■ What the task asks
Only the line with "AZS Good Quality" and the lines after it, to the end of the data, should appear in the answer, each reproduced exactly.

■ Source records
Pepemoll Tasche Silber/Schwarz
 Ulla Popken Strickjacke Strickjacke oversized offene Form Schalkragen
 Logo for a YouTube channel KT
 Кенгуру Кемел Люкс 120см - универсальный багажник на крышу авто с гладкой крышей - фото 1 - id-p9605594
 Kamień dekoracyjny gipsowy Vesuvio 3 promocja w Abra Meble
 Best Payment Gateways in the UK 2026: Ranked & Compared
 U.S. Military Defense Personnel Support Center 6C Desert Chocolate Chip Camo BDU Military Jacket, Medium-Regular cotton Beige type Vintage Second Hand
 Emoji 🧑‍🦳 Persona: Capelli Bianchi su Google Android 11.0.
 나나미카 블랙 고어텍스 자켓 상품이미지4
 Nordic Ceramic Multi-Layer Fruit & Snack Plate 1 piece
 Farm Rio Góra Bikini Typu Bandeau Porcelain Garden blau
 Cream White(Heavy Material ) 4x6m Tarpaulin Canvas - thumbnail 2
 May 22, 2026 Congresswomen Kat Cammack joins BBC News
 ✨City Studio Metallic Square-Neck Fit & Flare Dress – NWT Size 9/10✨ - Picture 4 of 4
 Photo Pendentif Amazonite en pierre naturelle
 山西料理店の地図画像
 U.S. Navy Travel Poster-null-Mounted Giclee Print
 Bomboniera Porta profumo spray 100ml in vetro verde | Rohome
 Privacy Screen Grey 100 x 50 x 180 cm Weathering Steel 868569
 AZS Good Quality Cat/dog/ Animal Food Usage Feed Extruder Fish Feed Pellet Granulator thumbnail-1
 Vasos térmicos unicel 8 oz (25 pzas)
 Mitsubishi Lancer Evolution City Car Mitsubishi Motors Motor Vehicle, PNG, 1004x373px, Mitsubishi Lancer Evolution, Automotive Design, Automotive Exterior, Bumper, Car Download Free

■ Final answer
 AZS Good Quality Cat/dog/ Animal Food Usage Feed Extruder Fish Feed Pellet Granulator thumbnail-1
 Vasos térmicos unicel 8 oz (25 pzas)
 Mitsubishi Lancer Evolution City Car Mitsubishi Motors Motor Vehicle, PNG, 1004x373px, Mitsubishi Lancer Evolution, Automotive Design, Automotive Exterior, Bumper, Car Download Free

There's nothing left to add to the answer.